What is the Connection between Niacin Difficiency and Alzheimer’s Disease and Dementia?

Reduced intake of the B vitamin niacin may predispose elderly people to develop Alzheimers disease, according to a study presented at the 2002 Gerontological Society of Americas 55th Annual Scientific Meeting.

In the study, the researchers determined food intake by use of a questionnaire in which 815 healthy participants indicated the frequency with which they consumed niacin-rich foods. The researchers then determined how much niacin the subjects, who were at least 65 years old, consumed. The researchers followed up to determine which subjects developed Alzheimers over the next 4 years.


The findings indicate that people who received the most niacin in their diets were 79% less likely to develop Alzheimer’s than those who consumed the lowest intake of niacin. Half of the subjects who fell into low risk for Alzheimer’s consumed more than 22 mg of niacin daily. Of those subjects who consumed the lowest amount of niacin, half received less than 13 milligrams per day.

Niacin is used to help lower high cholesterol and fat levels in the blood. This may help prevent medical problems caused by cholesterol and fat clogging the blood vessels.

Even a small increase in niacin dosage appeared to offer benefits. The subjects who consumed the second-lowest amount of niacin were 70% less likely to develop Alzheimers during the study than those who consumed the least.

A severe deficiency of niacin, or vitamin B-3, in your diet may lead to cognitive changes, including memory loss, disorientation and confusion. Most Americans get enough niacin from dietary sources to prevent dementia related to a niacin deficiency, according to the Linus Pauling Institute. However, an inadequate intake of niacin may still cause symptoms of cognitive decline, the MayoClinic.com.


The dietary needs of people in their fifties or sixties are different from those who are younger. For most vitamins and minerals, needs are higher; although for some nutrients they actually fall. The needs of people in their seventies and eighties are different again. Mainstream nutrition is beginning to recognize these differences and some of the new RDAs take into account the needs of those who are older.

Energy intakes and energy expenditure vary widely among elderly people, and are very different in those who are healthy, sick or institutionalized. Older people tend to consume fewer calories than younger people, probably due to loss of muscle, reduced activity levels and lower metabolic rates. As total food intake decreases, individual nutrient intakes also decrease, making it more important to eat nutrient-dense foods and leaving less room for sweets and other empty calorie foods.

Deficiencies of many nutrients are common in elderly people. Normal changes associated with aging, some medications for chronic disease, and relatively common disorders such as diabetes, high blood pressure, constipation and diarrhea can result in higher requirements for some nutrients.
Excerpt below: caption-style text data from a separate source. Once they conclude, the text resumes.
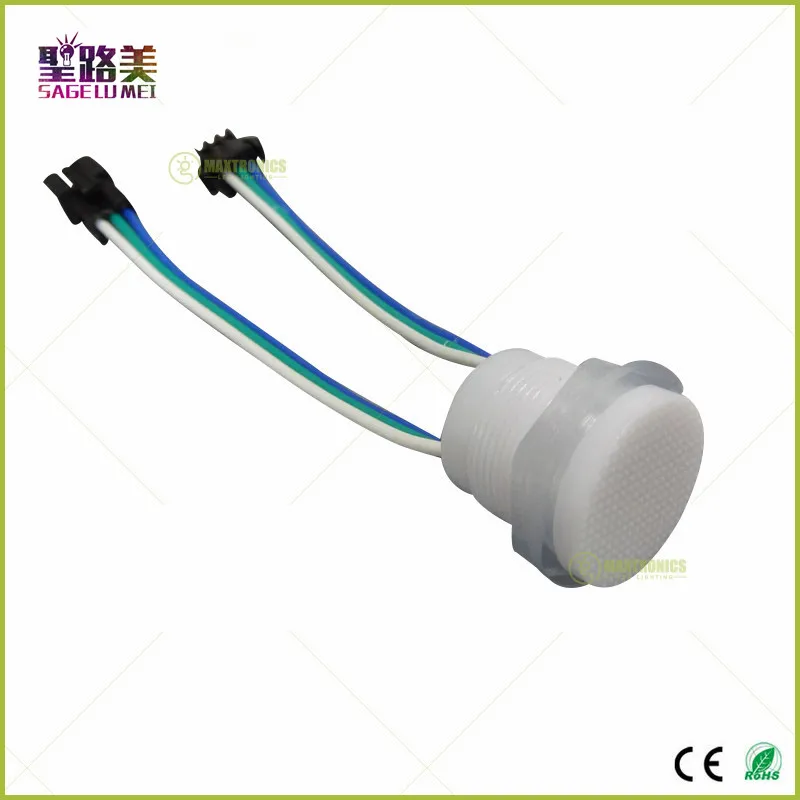 Лучшая цена WS2811 IC светодиодный пиксельный строковый модуль DC5V водонепроницаемый WS2811 Светодиодный пиксельный Точечный светильник диаметр 20 мм SMD5050 RGB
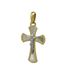 Foto de 04-250 - CRUZ CRISTO BICOLOR 25X17MM 18K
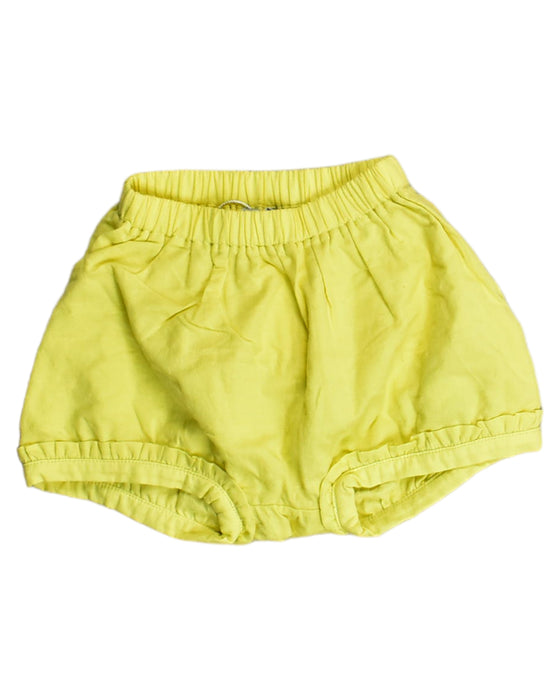 A Yellow Bloomers from Knot in size 12-18M for girl. (Front View)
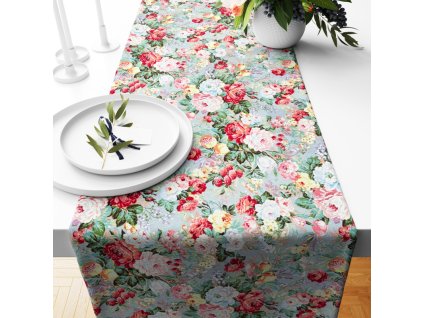 Ervi gobelinový běhoun na stůl - Berries Field (Rozměr 45 x 140 cm)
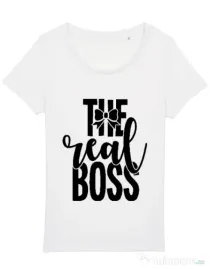 Tricou STANLEY STELLA dama The real boss Alb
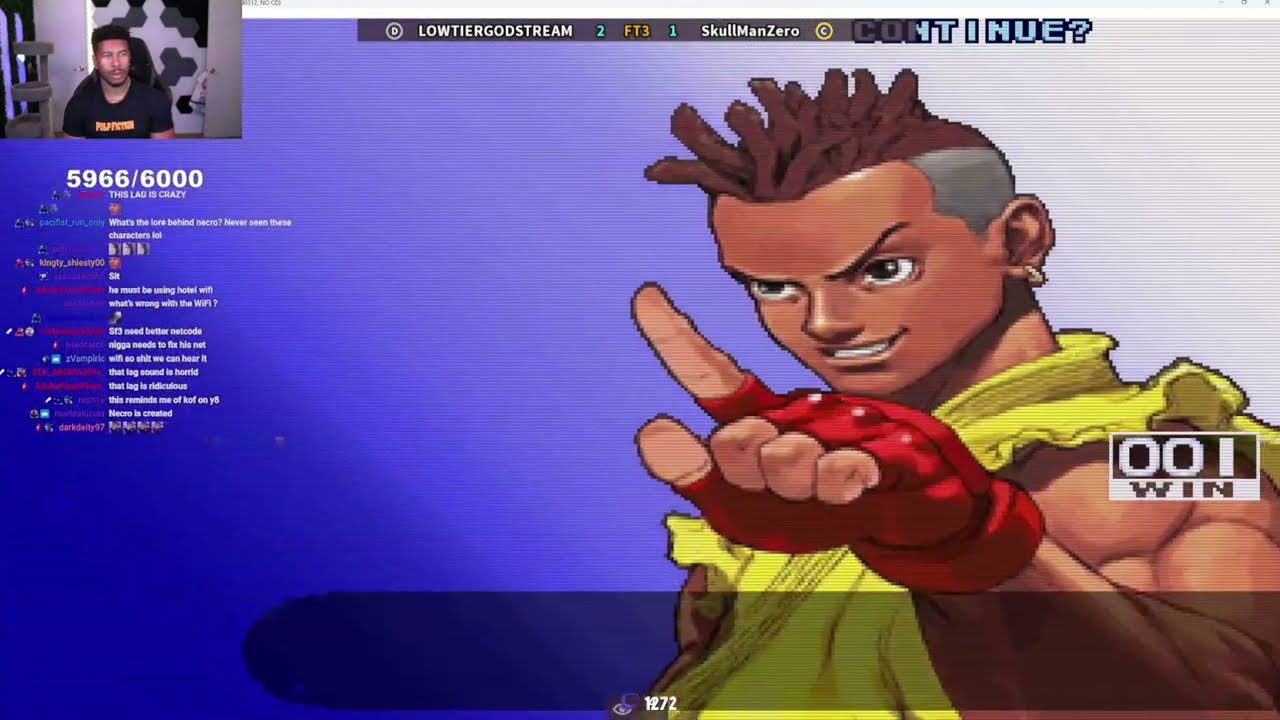 LowTierGod roggin' out on Street Fighter III: 3rd Strike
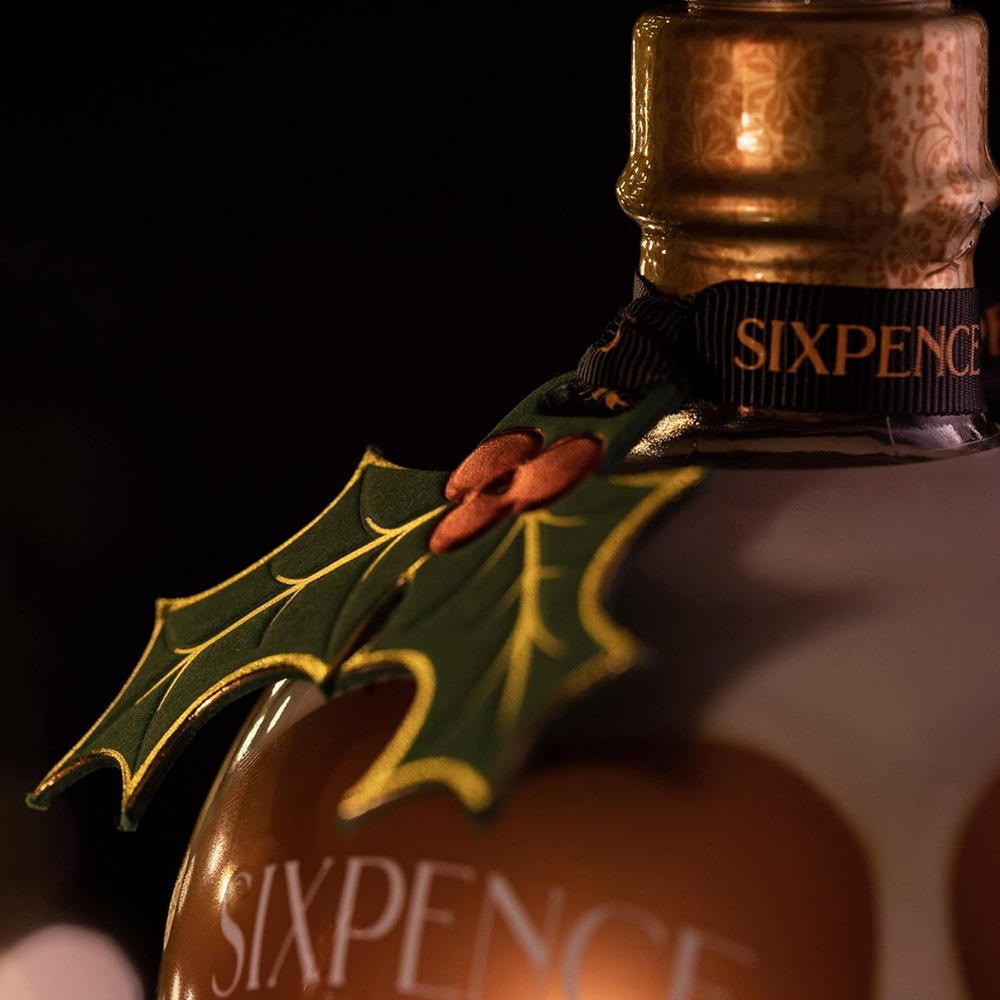 Lichior Glob Craciun Sixpence Pud, 0.5L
Many social and physiological factors such as loneliness, limited income, reduced interest in food, decreased sense of smell and taste, difficulty in chewing or swallowing and reduced vision may also lead to changes in an older person’s diet.

New research findings are being published all the time but relatively little is known about how the aging process affects the ability of the body to digest, absorb and retain nutrients. The diets of elderly people are often deficient in several nutrients including vitamins A, C, D, E, B12, thiamin, riboflavin, pyridoxine, niacin, folic acid, calcium, iron, magnesium and zinc. These deficiencies may be due to lower dietary intake, decreased absorption, altered metabolism or increased excretion. They often develop slowly and may mimic the normal changes of aging. Elderly people are particularly at risk of marginal vitamin and mineral deficiencies and early recognition of malnutrition is very important in preventing diseases, maintaining a healthy immune system and increasing lifespan.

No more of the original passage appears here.